Drop the draw length shorter and shorter and even SHORTER until the string crosses / touches corner of mouth.
Get nock to land on face HIGHER, so that means the peep has to come down.

TRIPLE the length of your d-loop...yup, you heard me, make the new d-loop 3 TIMES longer than current loop,
with the at least 1/2-inch shorter draw length.

Don't skip moving the peep DOWN, closer to the d-loop, so the nock lands HIGHER


----------



## rj2 (Sep 18, 2012)

Great, thanks, I'll give it a shot and report back


----------



## nuts&bolts (Mar 25, 2005)

rj2 said:


> So I have been playing with form and DL trying to tighten up my groups, and get my hold steadier. I got some pics yesterday and never realized how high my elbow is. Also seems like my nock is pretty far back resulting in lots of face pressure. Also, I've basically always had bareshafts hitting left of fletched, and figured it was my grip, but the face pressure makes me think that might be contributing too.
> 
> So looking at my pics for form, I was thinking maybe longer d-loop and shorter DL? I think that could move the nock forward on my face, give less face pressure, but will that help my high elbow at all?
> 
> ...


First problem. Head is tilted backwards. Drop your chin. The face of your teeth (pretend teeth are a wall),
your teeth wall need to be 90 degrees to the arrow. Chin is too high for this arrow launch angle.










You can see the double image of your cap, so you know how much to drop your chin.


----------



## nuts&bolts (Mar 25, 2005)

rj2 said:


> So I have been playing with form and DL trying to tighten up my groups, and get my hold steadier. I got some pics yesterday and never realized how high my elbow is. Also seems like my nock is pretty far back resulting in lots of face pressure. Also, I've basically always had bareshafts hitting left of fletched, and figured it was my grip, but the face pressure makes me think that might be contributing too.
> 
> So looking at my pics for form, I was thinking maybe longer d-loop and shorter DL? I think that could move the nock forward on my face, give less face pressure, but will that help my high elbow at all?
> 
> ...


Second problem, which you also noticed. Drop the draw length shorter, and if needed, drop the peep LOWER
so that the string crosses/touches corner of mouth....string should not travel behind corner of mouth.
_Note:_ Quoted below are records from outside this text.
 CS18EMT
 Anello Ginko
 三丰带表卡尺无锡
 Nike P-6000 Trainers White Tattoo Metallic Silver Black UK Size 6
Yellow string line shows the shorter draw length, that also touches nose, AND more importantly,
crosses corner of mouth. Adjust d-loop LONGER so your release hand knuckle touches your ear, with the new SHORTER draw length, and probably higher nock position...nock lands higher on your face, so string can touch corner of mouth, AND touch tip of nose. D-loop is designed to allow you to put release hand knuckle, where-ever you want, like say knuckle touching ear. Do not use DL module position, to get release hand where you want.


----------



## nuts&bolts (Mar 25, 2005)

rj2 said:


> So I have been playing with form and DL trying to tighten up my groups, and get my hold steadier. I got some pics yesterday and never realized how high my elbow is. Also seems like my nock is pretty far back resulting in lots of face pressure. Also, I've basically always had bareshafts hitting left of fletched, and figured it was my grip, but the face pressure makes me think that might be contributing too.
> 
> So looking at my pics for form, I was thinking maybe longer d-loop and shorter DL? I think that could move the nock forward on my face, give less face pressure, but will that help my high elbow at all?
> 
> ...


SKY high shoulder. I did an "x-ray" to figure out forearm length, upper arm bone length, position of shoulder joints, and especially the ANGLE of your collar bones. You may not realize you have SKY HIGH right side collar bone sickness. Now you know.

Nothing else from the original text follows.